The good news was that the economy grew at 9% in 2007-08, around 30 basis points higher than what the Central Statistical Organisation had estimated in February. The bad news was that wholesale price-based inflation has broken through the 8% barrier. Given the likelihood of upward revisions to get the final inflation number, India is perilously close to double-digit inflation. And when the government finally decides to stop fiddling and increases the domestic prices of petrol and diesel, inflation could end up at levels not seen since the mid-1990s.

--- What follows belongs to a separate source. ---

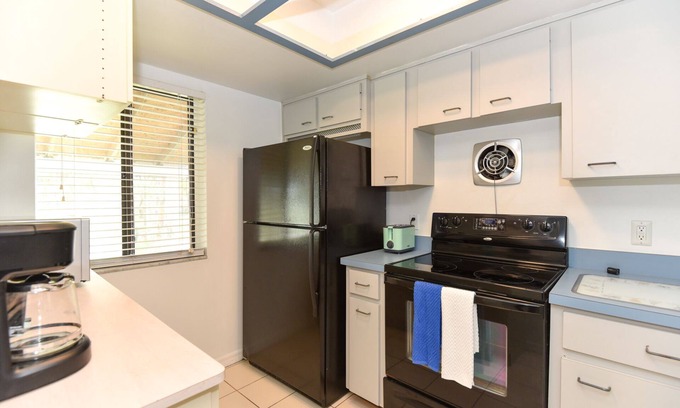 South Daytona Casa | Spacious Pet-Friendly Beach Getaway!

The combination of higher growth and higher inflation should clear the dilemma that policymakers have struggled with over the past few quarters. The vexing question has been whether interest rates should be cut to support sagging growth or if they should be increased to quell growing inflation. The new GDP growth numbers could be taken to mean that growth is not actually sagging. So, the Reserve Bank of India (RBI) should now take its mind off the prospects of a slowdown and go after the inflation demon with a vengeance. The case for a sharp increase in interest rates is now clearer than before.
The problem comes when we get down to the fine print. The economy has grown faster than earlier assumed because farm output has been a positive surprise. That has more to do with the weather than with interest rates. Industrial growth for 2007-08 has been revised downwards, from 8.9% to 8.5%. Manufacturing growth is singularly unimpressive. There has been a gradual deceleration in investments as well.
So,?the should-we-cut-shouldn’t-we-cut dilemma continues. This newspaper continues to believe that we need a few more doses of monetary tightening. Inflation is rising rapidly. The fiscal deficit is widening. The currency is under pressure. The textbook response to these problems is higher interest rates.
But that will result in the inevitable collateral damage — slower industrial growth and, perhaps, a setback to new investments. In short, there are still no easy exits.